Published July 23. 2013 4:00AM
Goodspeed Musicals' production of "Hello, Dolly" is like the title character herself - endlessly animated and boundlessly optimistic.
Granted, this Jerry Herman-Michael Stewart confection is the ultimate feel-good musical to begin with. Every song is rousing, and the script is joke-filled.
But, still, many a "Dolly" have gone spectacularly wrong before. Goodspeed's, on the other hand, gets it right.

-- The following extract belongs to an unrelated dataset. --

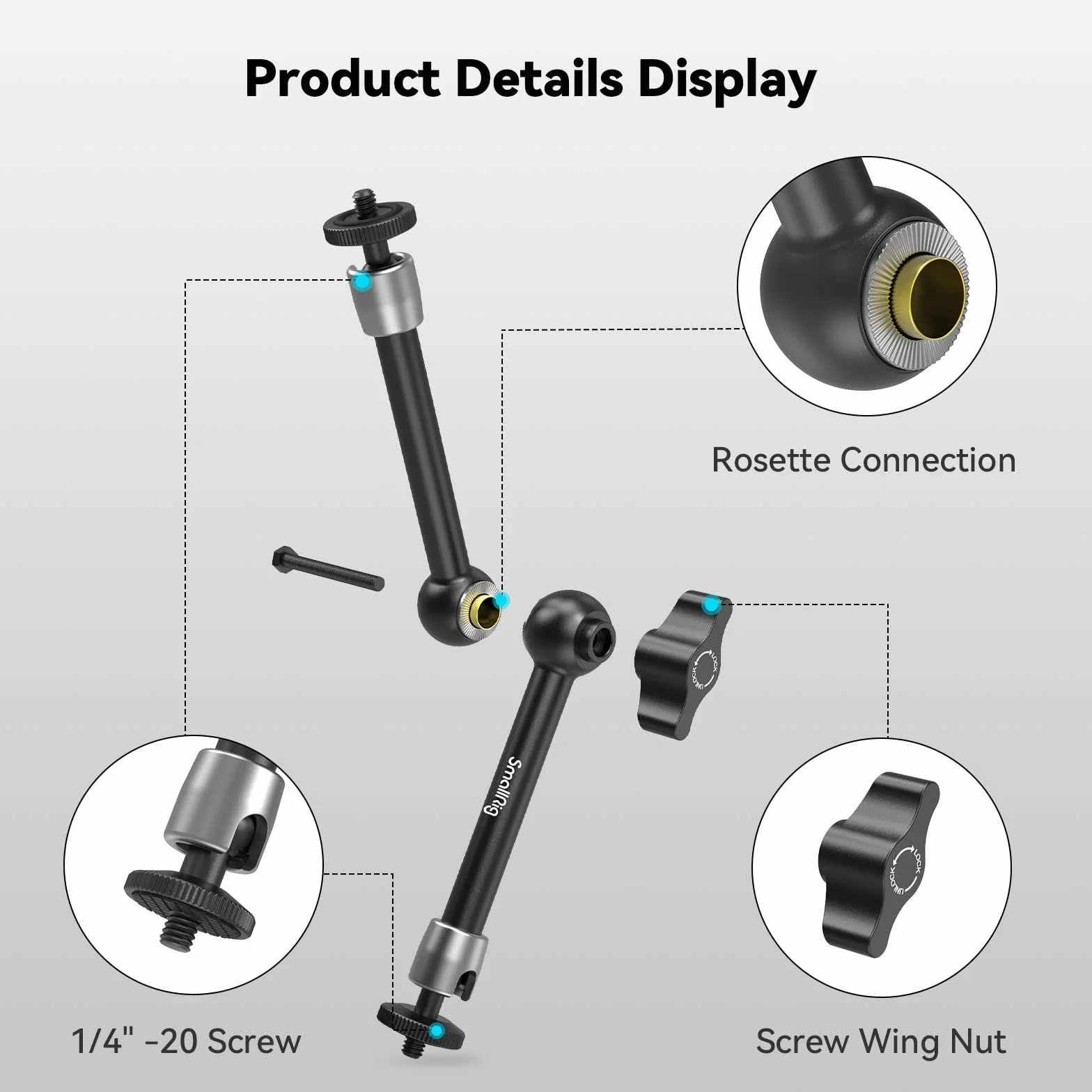 SMALLRIG Adjustable Articulating Magic Arm 11 cali Regulowane Magiczne Ramię Cierne z Gwintem 1/4 do Monitor LCD DSLR Camera Rig - 2066B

Director Daniel Goldstein, who helmed the 2011 Broadway revival of "Godspell," powers the production with an indefatigable energy. I love, too, the confidence Goldstein displays in letting a couple of comic moments last and last, building the humor until theatergoers are shrieking with laughter (at least on the night I saw the show). In one bit, Jeremy Morse, playing Barnaby Tucker, holds a stunned look as he finds enormous riches in what he thought was his all-but-empty wallet. In another, Dolly, wearing an oblivious poker face, noshes on food - including a long-lasting corn cob - while her cohorts wait in a courtroom for her help.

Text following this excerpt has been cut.